» TASK INPUTS
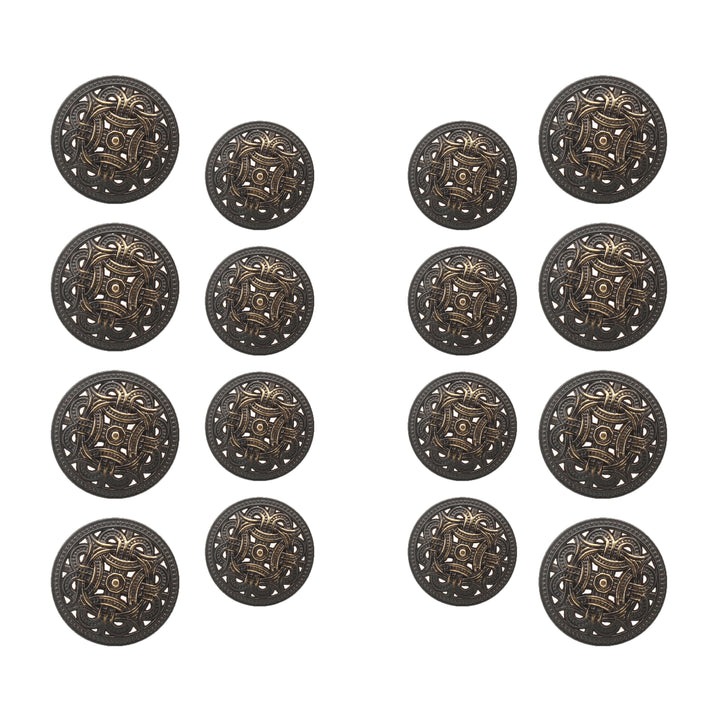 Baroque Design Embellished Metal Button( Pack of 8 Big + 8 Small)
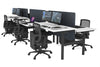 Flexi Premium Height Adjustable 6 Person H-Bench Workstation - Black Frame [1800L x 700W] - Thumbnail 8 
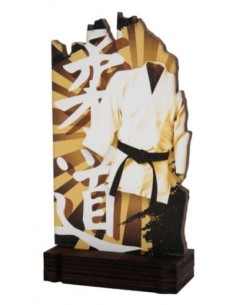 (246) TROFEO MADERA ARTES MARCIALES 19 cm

...

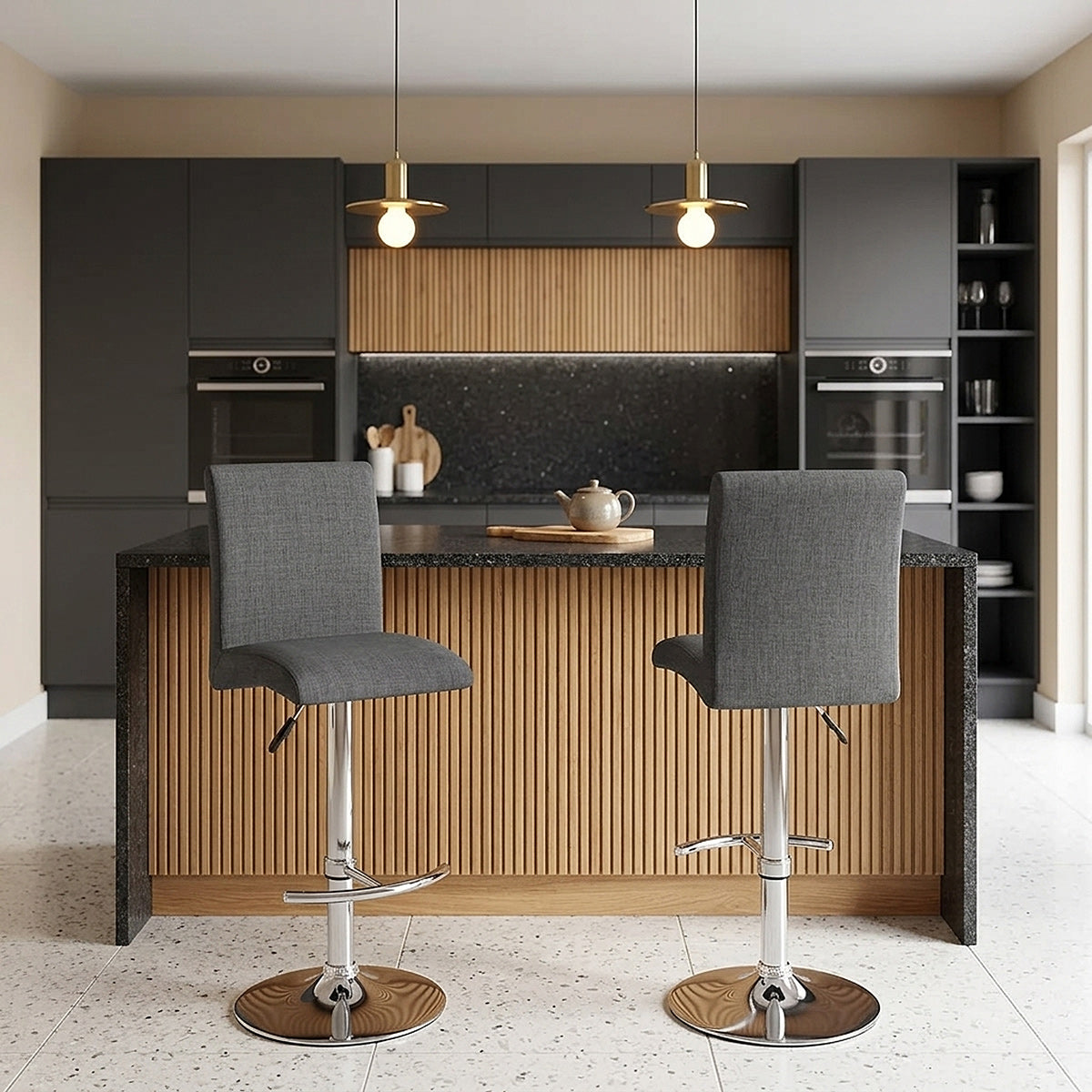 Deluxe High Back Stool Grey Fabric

==

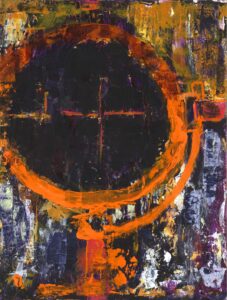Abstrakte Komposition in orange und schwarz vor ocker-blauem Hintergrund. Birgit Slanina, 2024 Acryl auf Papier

» TASK BRIEF
In the listing above, find the line containing "Baroque Design Embellished" and the line containing "(246) TROFEO MADERA ARTES MARCIALES 19 cm", then output those two lines and everything between them exactly as written, without the images.

» COMPLETED EXERCISE
 Baroque Design Embellished Metal Button( Pack of 8 Big + 8 Small)
 Flexi Premium Height Adjustable 6 Person H-Bench Workstation - Black Frame [1800L x 700W] - Thumbnail 8 
 (246) TROFEO MADERA ARTES MARCIALES 19 cm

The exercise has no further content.